Paula Wilson strategically leads viewers through ‘Toward the Sky’s Back Door’
- Shivani Gupta
- Aug 7, 2024
- 4 min read
When I first walked into Paula Wilson’s “Toward the Sky’s Back Door” at the California African American Museum, I couldn’t immediately pick up on what the exhibition was about, but I think that was intentional and it was really smart. Her exhibition, which consists of multimedia works including paintings, sculptures, moving images and rugs,
starts off with “Bricked Out,” a multimedia painting of a pondering woman looking out of her window into the distance. There is a colorful tree close to her window with an orange parrot, so it is possible she is observing and contemplating them as well with a sense of peace. The work is made with silkscreen pigment, acrylic paint, felt, paper and canvas. There is a crown molding at the top of the canvas, creating a frame.
Soon after is “Between Two,” where the curators describe that for Wilson, “Architectural facades [...] are continually animated, like a work of art in process.” The work has a red brick wall in the background with multiple window frames that have broken images inside of them, suggesting movement and change over time. I noticed this theme in her other artworks, which is movement in time and nature.
As you go further into the exhibition, it seems these themes are still present but there is more of a narrative to each piece, or more background history. In the exhibition description, the curators describe how “Wilson steeps her work in autobiography and cross-cultural, cross-historical narratives [...]. Wilson unites this seemingly disparate imagery, often with a sleight of hand that plays with perceptions of illusion and reality.”
I noticed there were a lot of frames in her artworks, and it felt like she was taking the viewer into a different time, or encouraging them to advance their thought process by moving it into a different time and space that she creates. I am not sure where exactly that time and space is, but it definitely felt like she was encouraging the viewer to think beyond what they saw in her work.
Wilson had many artworks in this exhibition, including “Creatures of the Fire,” where a figure stands in front of a window looking at a moth through a magnifying glass. There is a sunset landscape in the background, outside of the window. In this multimedia artwork, the curators describe that Wilson “respects her environment’s smallest creatures as feeling beings,” and that they have “potential for awareness and sentience.” This was the first instance when I saw a moth/butterfly in her work, and it appeared quite frequently in her works that came later. There was an innocence to the way the figure was looking out at the moth, as if she were a child, and a purity to the moment, with the sunset and the beautiful colors.
Soon after, Wilson had a moving image artwork — a human playing out the life stages of a caterpillar, from being an egg to its death. This was when I started to notice the theme of transformation and a hope for a better, more optimistic future that is connected with nature, where humans are friends with the natural world and in line with it.

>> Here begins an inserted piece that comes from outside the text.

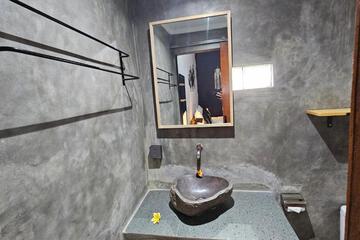 Photo 34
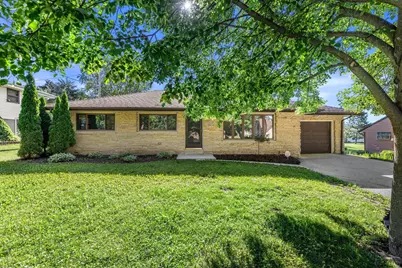 W238N6498  Elmwood Ave, Sussex, WI 53089 - Photo 2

To the left of the moving image piece on the wall is a set of frames that she titles “Naturalist’s Collection,” created from 2018-23. These are drawn and painted frames on the walls that consist of drawings and paintings of Wilson’s in-process works, as a way to separate her from “the commodification of art,” Wilson says in an interview on the wall text. I felt like this was a way for the artist to emphasize her love for childlike energy or playfulness, which is also seen in “Full Circle Swing.”
Wilson, with artist Mike Lagg, built “Full Circle Swing,” a swing that is open for viewers to gently ride, as a way for them to experience playfulness and to do so while experiencing her art. She says, “I think that we are tasked on this earth to celebrate our lives.” This moves into the theme of the overall exhibition that I picked up on, which is to be in harmony with nature, emphasizing a feeling of playfulness. There is also a sense of safety with nature, which we see in her final piece, “Fly On, Little Wing.”

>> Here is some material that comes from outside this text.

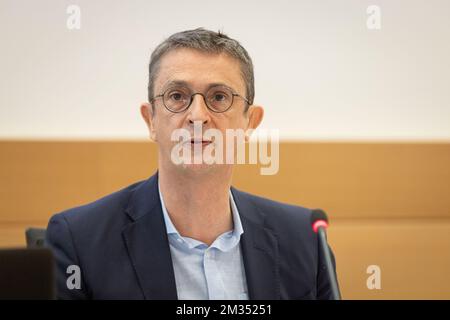 Directeur général ad interim Bpost Dirk Tirez photographié lors d'une session de la commission de la mobilité, des entreprises publiques et des infrastructures, mercredi 19 mai 2021, au Parlement fédéral à Bruxelles. Au cours de la session d'aujourd'hui, l'avenir du B-Post est discuté. BELGA PHOTO JAMES ARTHUR GEKIERE Banque D'Images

This piece was made in 2024 and is a full-wall multimedia print and painting of Wilson lying on the ground, holding a butterfly. On her pants are images of her work in process. The feeling of Wilson is warm and maternal and it seems like the main theme she is amalgamating all her artworks to is this feeling of optimism, playfulness, experimentation and wonder, and that happens with nature.
I felt like my experience in “Toward the Sky’s Back Door” was a story, that I was taken through a few thought processes and very strategically to an overall message that is pertinent and gently conveyed through her works.
Paula Wilson’s “Toward the Sky’s Back Door” is at the California African American Museum in Exposition Park through Aug. 18, 2024.